ROCKFORD – Veterans Day is Monday, Nov. 11. More than 18 million people are U.S. military veterans. It’s a fitting time to say thank you to military veterans for their sacrifice and service; protecting us and our country. It’s also a good time to give veterans and their families a heads-up on potential fraud.
“Scammers target ex-service members in many different ways, they use vet-oriented twists on identity theft, phishing scams, impostor scams, and investment and loan deceptions,” said Dennis Horton, Director Rockford Regional Office of the Better Business Bureau. “The goal is to get access to the benefits the government provides or to the veteran’s accounts.”
The list of scams these crooks use is long; to name a few:
- Veterans get a call and are told they qualify for money from “secret” government programs but must first pay a fee or provide personal information.
- Scammers exploit veterans who are in financial need by offering them cash upfront in exchange for what they say will to be higher future disability or pension payments; all at a cost.

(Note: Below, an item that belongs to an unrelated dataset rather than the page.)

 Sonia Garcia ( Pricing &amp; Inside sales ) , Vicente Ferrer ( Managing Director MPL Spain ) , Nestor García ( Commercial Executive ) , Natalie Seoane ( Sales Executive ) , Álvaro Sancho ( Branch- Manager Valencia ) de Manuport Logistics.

- Con artists attempt to charge veterans for access to their military records or government forms. All of those are free from the local VA office.
Going the imposter route scammers will pose as vets themselves or pretend to be representatives of organizations that support veterans.
- In a phishing scam they will impersonate someone from the Veterans Administration and ask for personal information such as Social Security numbers, saying they need to update the veteran’s records.
- Scammers, sometimes posing as soon-to-be-deployed service members, offer special deals for veterans on cars, electronics and other products. They will want payment made by wire transfer (Western Union or MoneyGram). Once they get the money, the seller disappears, and the goods never arrive.
- Acting as rental agents fake classified ads for rental properties are placed with offers of discounts for veterans and their families. Targets are instructed to wire money for a security deposit for what turns out to be a nonexistent property; or properties currently occupied by the owners.
Horton notes “The scam list is long, but the warning signs are those most of us know…or at least should. They are the same signs that tip us off to the IRS or Social Security card scams. Like all other government agencies, the VA never calls to request personal information like your Social Security number. The VA will never ask for personal data by text or email either.”
Another red flag, you may be dealing with a scammer, you get an unsolicited high-pressure fundraising call from a veteran’s charity you have not previously supported or had any contact with. If you plan to donate to a military-affiliated charity, here are some tips on how to avoid being scammed:
- Watch out for charities that sound similar to more well-known ones. Many fake veterans’ charities include the same words in different order or form to appear legitimate.
- Look for a clear description of the organization’s programs in its appeals and on its website. If the charity says it’s helping veterans, does it explain how (financial assistance, shelter, counseling) and where it is doing so?
- Telemarketing can be a costly method of fundraising unless carefully managed. If called, do not hesitate to ask for written information on the charity and its finances before making a decision.
- Be wary of excessive pressure in fundraising. Don’t be pressured to make an immediate on-the-spot donation. Legitimate charities will welcome your gift whenever you want to send it.
- Check first before giving for free with charity monitoring services like BBB’s Wise Giving Alliance.
There are many actions Vets can take to protect themselves and their families from being ripped-off; the two most important are “think before you act” and “verify then trust”.